More probable, in the light of the incapacity of either emergent statelet, Hamas' very bad public relations with extraregional powers, and Israel's significantly greater strength, is the scenario painted by Aluf Benn and Shmuel Rosner in Ha'aretz ("An overpowering reality").

The Hamas victory bolsters Israel's unstated policy of dividing the Palestinian Authority into two states - Gaza and the West Bank. Israel cannot say this out loud in front of the Americans, who are committed to a single Palestinian state, so Olmert will have to speak in code. He will suggest that Bush strengthen international support for the peace process. This would involve deploying an international force in Gaza, implementing an engineering solution to block arms smuggling in Rafah, pressuring the Egyptians to do more against the smugglers, and encouraging the Saudis to stop being embarrassed by the collapse of the Palestinian unity agreement cooked up in Mecca.
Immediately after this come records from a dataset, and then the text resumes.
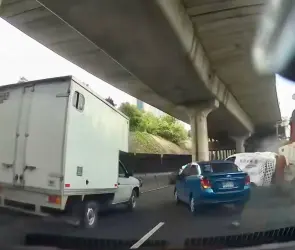 Difunden VIDEO del momento exacto en que ocurre el choque de Periférico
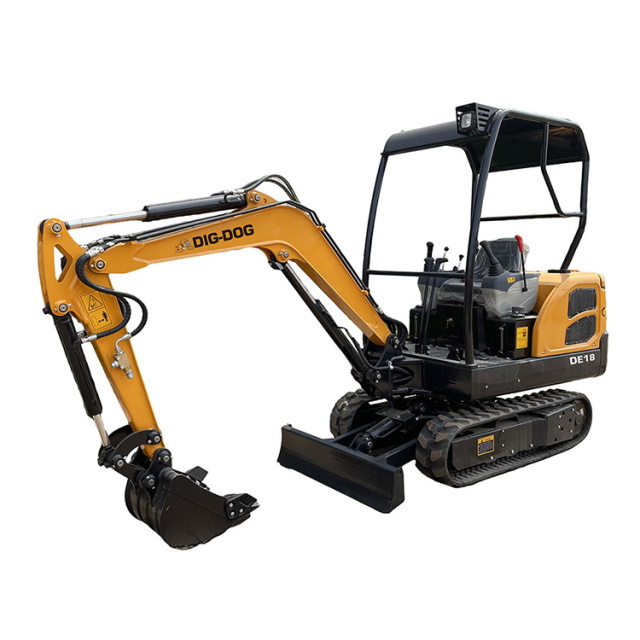 DIG-DOG DE18 Mini Excavator 1.8-2 Ton,DIG‑DOG | Versatile Compact Excavators & Loaders for Tough Jobs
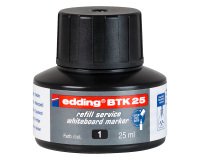 Recharge pour marqueur effaçable Edding BTK 25 noir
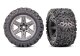 Traxxas Rustler 4x4 rot brushless 2S 1/10 Stadium-Truck RTR Bundle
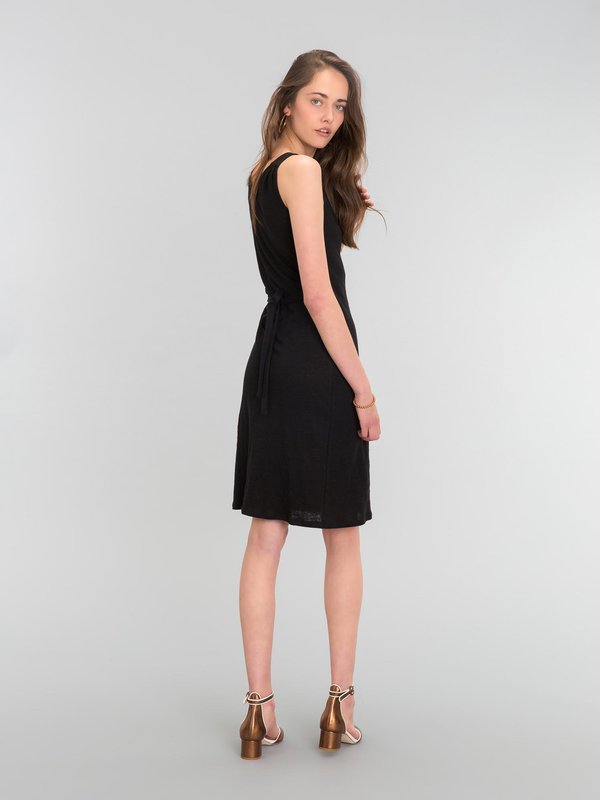 black linen mouette dress_13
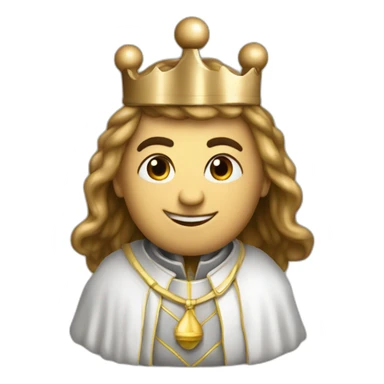 Chess Bishop parachute sticker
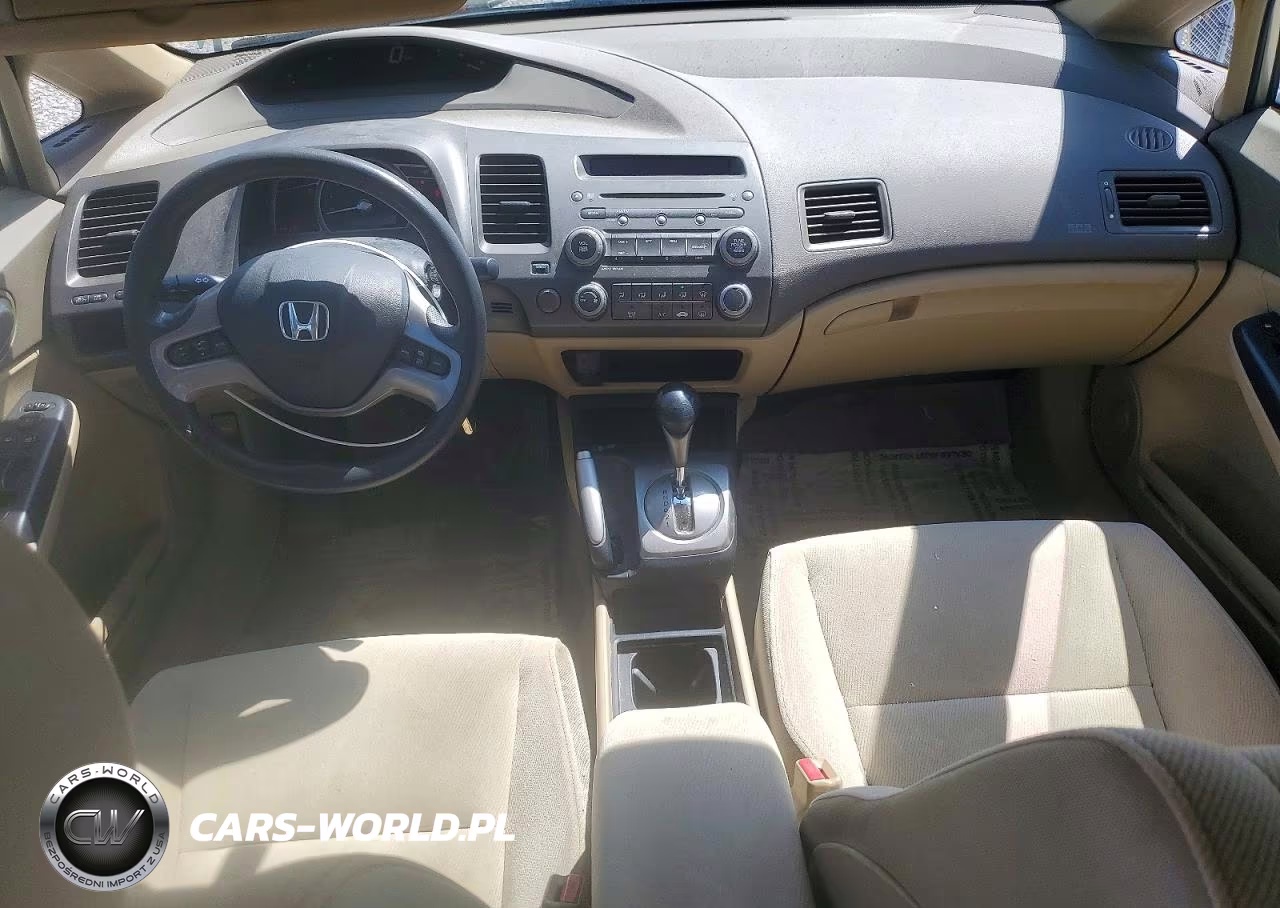 2008 Honda Civic Ex VIN:1HGFA16858L017320 - 8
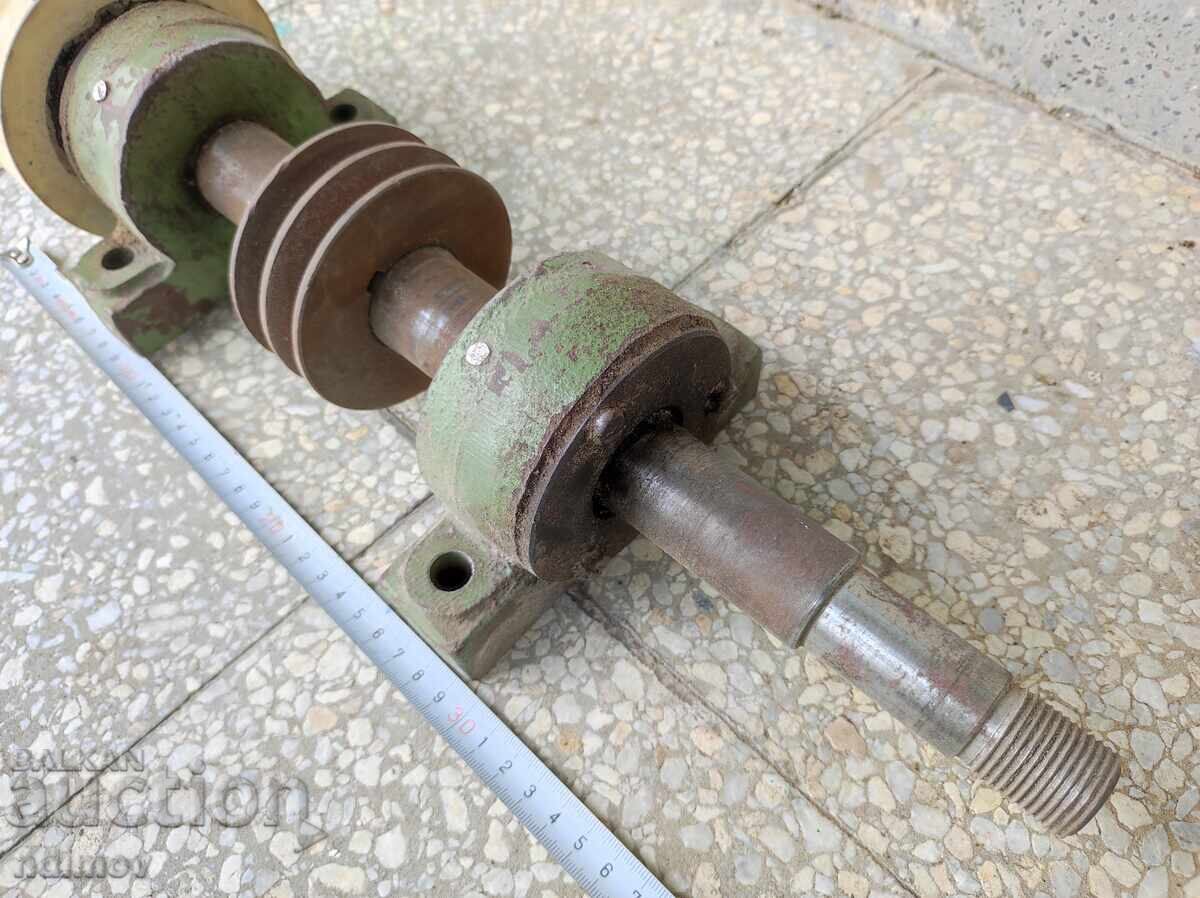 Auction  Shaft with washer for belt grinder Grinder Sanding machine Circular saw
Both scenarios share in common a recognition that a common Palestinian identity just isn't enough to paper over the ideological differences between the two Palestinian territories, these differences in turn produced by long-standing historical, cultural, and geographical differences. Gaza and the West Bank were united only after 1967 under Israeli suzerainty. In the two decades previous, these territories were governed by Egypt and Jordan, respectively, and before that, Gaza and the West Bank were just component territories of Mandatory Palestine. Palestine and Palestinians exist, and have existed for a while, but they can only be united when no one wants to separate them. The Palestinian centre can't hold because there never was a Palestinian centre, a durable and legitimate common state of some sort. Given the near-complete disinterest of almost everyone involved in actually maintaining common ground, it seems safe to bet that there won't be a functioning common Palestinian state for a good while yet. The Palestinians will suffer most from this, of course; more's the pity that they, like their neighbours, also choose leaders prone to these sorts of self-inflicted catastrophes.